▶ [Source data]

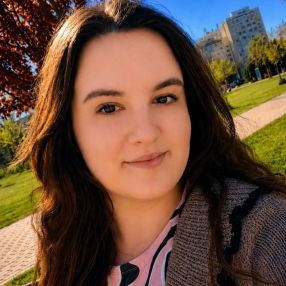 Ela-Miruna, Babysitter in Constanța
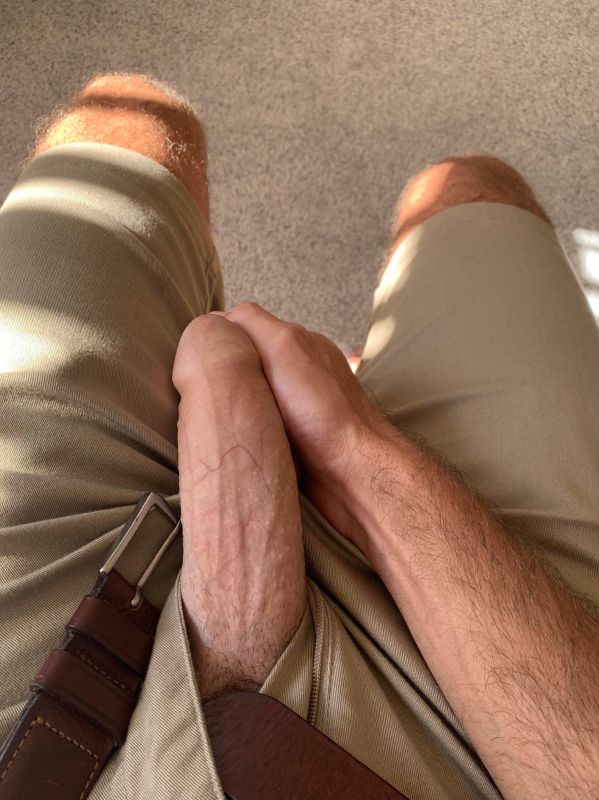 straight naked men outdoors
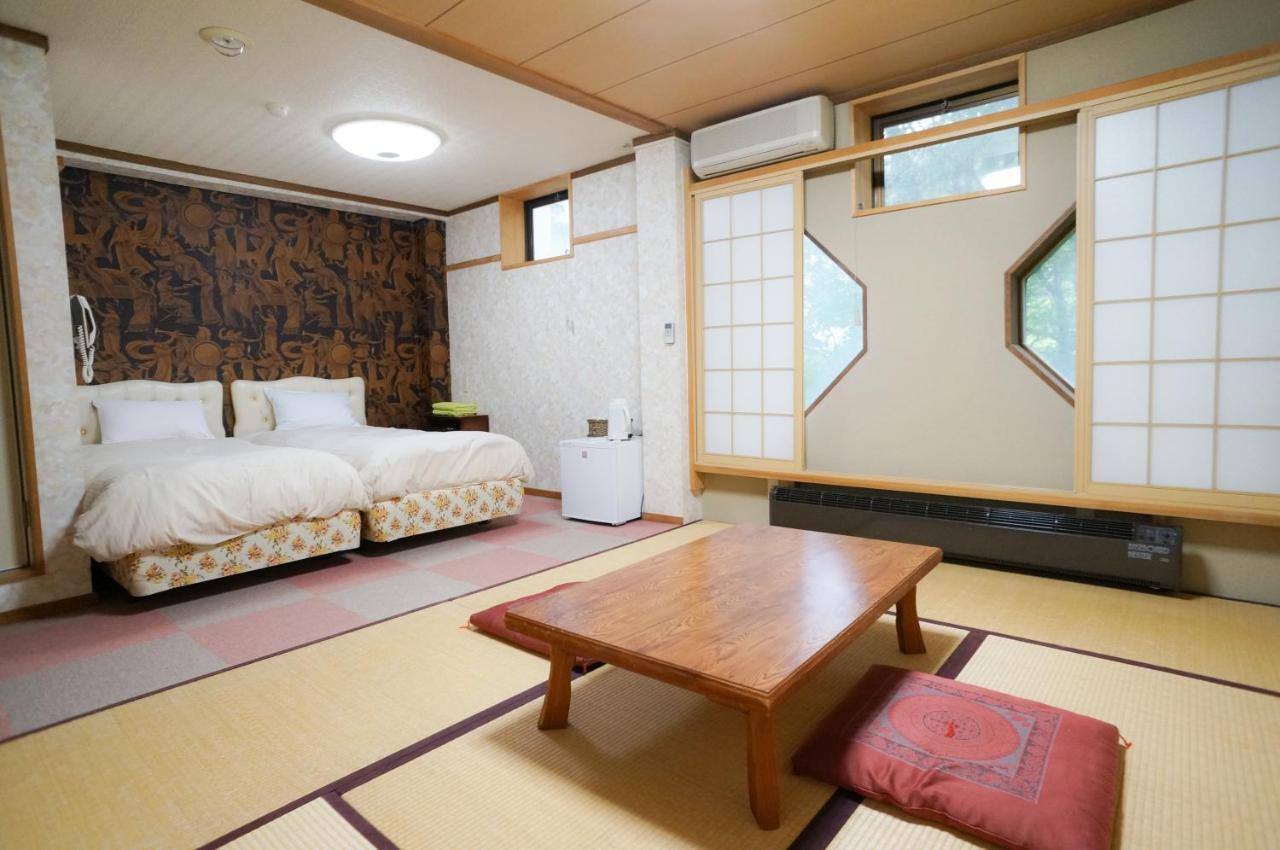 Готель Hakuba Maerchen House Екстер'єр фото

▶ [Task prompt] Starting at the line that contains "straight naked men outdoors", retype every line through the end of the material exactly as written, including both end lines but no pictures.

▶ [Problem solution]
 straight naked men outdoors
 Готель Hakuba Maerchen House Екстер'єр фото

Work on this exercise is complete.